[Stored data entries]

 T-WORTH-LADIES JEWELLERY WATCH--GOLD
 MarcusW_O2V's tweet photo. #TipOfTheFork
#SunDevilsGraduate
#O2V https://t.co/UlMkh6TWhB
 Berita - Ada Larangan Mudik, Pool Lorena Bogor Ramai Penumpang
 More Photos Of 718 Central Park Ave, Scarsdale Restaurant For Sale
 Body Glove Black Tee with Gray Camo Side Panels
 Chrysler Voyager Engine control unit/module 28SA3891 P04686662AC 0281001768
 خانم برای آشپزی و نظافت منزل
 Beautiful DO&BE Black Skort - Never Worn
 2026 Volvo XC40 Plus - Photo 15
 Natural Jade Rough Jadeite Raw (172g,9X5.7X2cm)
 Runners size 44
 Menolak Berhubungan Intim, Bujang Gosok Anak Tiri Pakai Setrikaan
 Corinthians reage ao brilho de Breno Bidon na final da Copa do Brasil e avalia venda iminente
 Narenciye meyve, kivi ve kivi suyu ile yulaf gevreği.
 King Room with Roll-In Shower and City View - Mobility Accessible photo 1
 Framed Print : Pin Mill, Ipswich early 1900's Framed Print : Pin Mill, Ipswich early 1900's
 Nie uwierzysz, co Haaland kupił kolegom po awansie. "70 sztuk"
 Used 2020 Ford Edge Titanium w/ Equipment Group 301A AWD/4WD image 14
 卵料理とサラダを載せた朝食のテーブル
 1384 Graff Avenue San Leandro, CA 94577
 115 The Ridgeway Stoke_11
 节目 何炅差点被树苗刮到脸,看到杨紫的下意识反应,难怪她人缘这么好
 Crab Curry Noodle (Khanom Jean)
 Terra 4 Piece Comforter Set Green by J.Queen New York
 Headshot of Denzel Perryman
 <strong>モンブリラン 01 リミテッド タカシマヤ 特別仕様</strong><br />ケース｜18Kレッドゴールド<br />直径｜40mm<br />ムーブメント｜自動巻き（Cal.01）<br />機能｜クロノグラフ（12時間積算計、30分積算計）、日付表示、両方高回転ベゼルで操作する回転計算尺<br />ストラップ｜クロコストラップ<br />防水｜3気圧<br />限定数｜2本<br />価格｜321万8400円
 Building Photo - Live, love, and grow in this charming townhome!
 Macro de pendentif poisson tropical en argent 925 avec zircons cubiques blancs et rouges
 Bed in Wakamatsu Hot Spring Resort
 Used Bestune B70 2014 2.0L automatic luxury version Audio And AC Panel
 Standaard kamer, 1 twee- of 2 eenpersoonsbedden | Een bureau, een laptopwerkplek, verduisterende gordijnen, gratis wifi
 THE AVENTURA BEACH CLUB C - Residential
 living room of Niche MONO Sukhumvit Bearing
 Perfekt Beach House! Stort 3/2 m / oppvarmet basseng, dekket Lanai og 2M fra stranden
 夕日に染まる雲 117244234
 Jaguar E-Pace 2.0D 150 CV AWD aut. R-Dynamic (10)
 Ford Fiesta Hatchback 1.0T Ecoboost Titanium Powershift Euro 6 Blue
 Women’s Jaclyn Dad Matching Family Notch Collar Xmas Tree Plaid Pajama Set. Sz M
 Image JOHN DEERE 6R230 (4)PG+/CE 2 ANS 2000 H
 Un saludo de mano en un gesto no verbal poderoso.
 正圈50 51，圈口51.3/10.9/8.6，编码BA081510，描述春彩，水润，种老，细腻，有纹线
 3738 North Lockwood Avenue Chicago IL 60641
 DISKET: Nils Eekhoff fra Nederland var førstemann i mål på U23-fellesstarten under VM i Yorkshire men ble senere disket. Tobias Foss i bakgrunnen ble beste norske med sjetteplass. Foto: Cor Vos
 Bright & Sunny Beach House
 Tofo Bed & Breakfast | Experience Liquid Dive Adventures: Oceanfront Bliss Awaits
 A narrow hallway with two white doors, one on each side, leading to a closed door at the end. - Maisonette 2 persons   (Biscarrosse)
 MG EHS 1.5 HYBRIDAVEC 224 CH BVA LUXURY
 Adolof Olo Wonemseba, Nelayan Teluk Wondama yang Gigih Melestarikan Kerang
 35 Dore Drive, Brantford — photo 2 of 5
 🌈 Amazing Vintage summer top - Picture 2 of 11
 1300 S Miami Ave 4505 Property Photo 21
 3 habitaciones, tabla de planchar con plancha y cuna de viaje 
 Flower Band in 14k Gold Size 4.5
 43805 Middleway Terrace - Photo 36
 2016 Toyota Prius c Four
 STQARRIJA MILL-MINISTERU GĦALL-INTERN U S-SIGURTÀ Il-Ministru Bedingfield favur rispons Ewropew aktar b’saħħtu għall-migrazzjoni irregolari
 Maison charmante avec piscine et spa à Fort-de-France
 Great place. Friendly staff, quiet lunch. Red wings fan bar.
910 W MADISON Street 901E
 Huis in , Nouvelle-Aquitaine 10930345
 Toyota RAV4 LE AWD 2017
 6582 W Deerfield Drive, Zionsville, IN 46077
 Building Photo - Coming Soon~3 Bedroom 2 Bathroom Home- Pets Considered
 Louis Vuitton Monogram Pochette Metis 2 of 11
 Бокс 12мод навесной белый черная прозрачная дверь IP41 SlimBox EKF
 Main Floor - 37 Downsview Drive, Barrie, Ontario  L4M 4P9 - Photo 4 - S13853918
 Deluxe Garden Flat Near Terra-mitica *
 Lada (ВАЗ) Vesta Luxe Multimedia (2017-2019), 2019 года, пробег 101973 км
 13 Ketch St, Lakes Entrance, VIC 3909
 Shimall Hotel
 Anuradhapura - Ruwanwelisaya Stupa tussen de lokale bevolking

▸ TASK DIRECTIONS:
Begin at the first line of the entries above and copy every line exactly, ending with the line that contains "Body Glove Black".

▸ REPLY TO THE TASK:
 T-WORTH-LADIES JEWELLERY WATCH--GOLD
 MarcusW_O2V's tweet photo. #TipOfTheFork
#SunDevilsGraduate
#O2V https://t.co/UlMkh6TWhB
 Berita - Ada Larangan Mudik, Pool Lorena Bogor Ramai Penumpang
 More Photos Of 718 Central Park Ave, Scarsdale Restaurant For Sale
 Body Glove Black Tee with Gray Camo Side Panels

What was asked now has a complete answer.